Uma grande investigação da Forbidden Stories, que contou com o trabalho de 60 jornalistas de todo o mundo, veio agora revelar que os contornos da morte de Regina Martínez podem ter sido outros e denunciar também as condições do trabalho dos jornalistas em Veracruz. A investigação surge num momento em que o Presidente mexicano eleito em 2018, Andrés Manuel López Obrador, também pondera reabrir o caso. “Era uma jornalista profissional e incorruptível”, descreve o chefe de Estado.

De acordo com a investigação, o cenário de crime foi alterado pelas autoridades de Veracruz. “Nunca na minha carreira vi um cenário de crime tão alterado”, diz Laura Borbolla, investigadora da Procuradoria Especial de Crimes contra a Liberdade de Expressão. Em causa, está, por exemplo, a descoberta de duas impressões digitais na casa de Regina Martínez que nunca foram recolhidas pelas autoridades. Ou alguns objetos que nunca foram analisados.

E Laura Borbolla aponta algumas incoerências à investigação. Apesar de o crime ter sido alegadamente motivado por razões económicas, a investigadora aponta que jóias de ouro e uma televisão não foram roubados. Além disso, o cenário do crime estava “em ordem. Se tivesse sido um roubo, tudo estaria desorganizado”, explica a investigadora.

Jorge Antonio Hernández Silva foi, segundo a sua advogada Diana Coq Toscanini, um “bode expiatório perfeito”. De acordo com o ficheiro a que a Forbidden Stories teve acesso, as impressões digitais do culpado nunca foram encontradas no cenário do crime e a única testemunha do processo foi alguém que diz ter visto Jorge Hernandéz a circular no bairro. Laura Borbolla é categórica: “Podemos nunca saber quem matou Regina, mas eu sei quem não a matou”.

O desfecho inconclusivo

E então quem terá sido o culpado? Talvez nunca se saiba em concreto, como a investigadora Laura Borbolla diz, mas vários colegas de Regina Martínez acusam o poderoso governador de Veracruz entre 2010 a 2016, Javier Duarte, que neste momento está preso na Guatemala após ter sido condenado a nove anos de prisão por lavagem de dinheiro. O governador nega, no entanto, qualquer envolvimento no assassinato da jornalista e o seu advogado, Pablo Campuzano, afirma que Javier Duarte “deu a conhecer todas as provas e resultados da investigação às autoridades federais“.
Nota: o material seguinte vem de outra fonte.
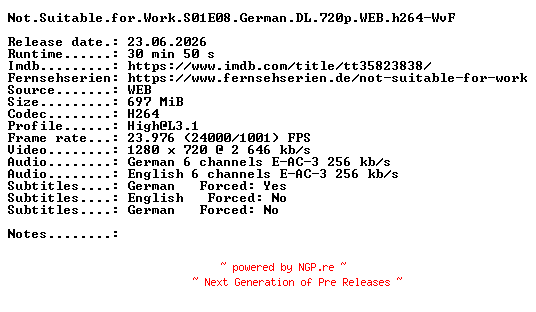 NFO for the release Not.Suitable.for.Work.S01E08.German.DL.720p.WEB.h264-WvF by WvF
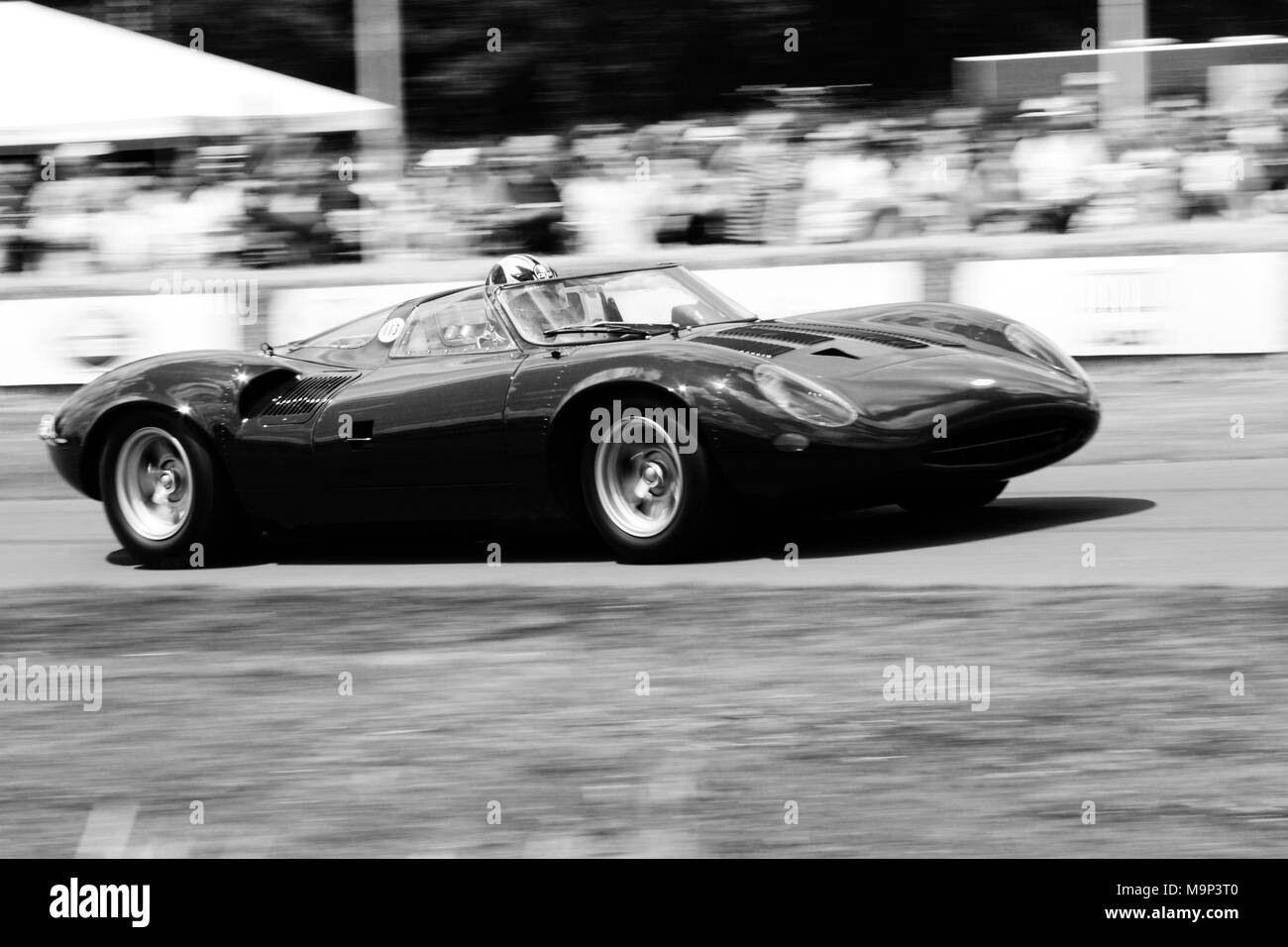 The Jaguar XJ13 racing at Goodwood Festival of Speed in 2009. This is the ONLY Jaguar XJ 13 because only one was ever produced. Mid 1960s Le Mans car. Stock Photo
A identidade de quem assassinou Chaparrita poderá nunca ser conhecida. Mas o seu exemplo, celebrado todos os anos a 28 de abril (data da sua morte), prometem imortalizar a história de alguém que morreu por querer contar a verdade.

O jornalismo em Veracruz

Veracruz é um dos 31 estados do México. Localizada na parte este do país e banhada pelo Golfo do México, era a zona em que Regina Martínez atuava como correspondente. E a morte da jornalista “foi um antes e depois para a imprensa” no país, relata Jorge Carrasco, editor da revista para a qual Regina trabalhava.
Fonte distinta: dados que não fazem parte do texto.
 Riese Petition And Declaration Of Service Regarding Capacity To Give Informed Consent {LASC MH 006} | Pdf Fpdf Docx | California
A partir daí, passou a ser o estado mais perigoso para um jornalista trabalhar. Nos últimos anos, de acordo com o Comité de Proteção de Jornalistas (CPJ), 19 jornalistas foram assassinados e dezenas fugiram daquele zona do México. “Quando se mata um jornalista, é como meter uma bomba numa redação para criar terror”, resume Jorge Carrasco.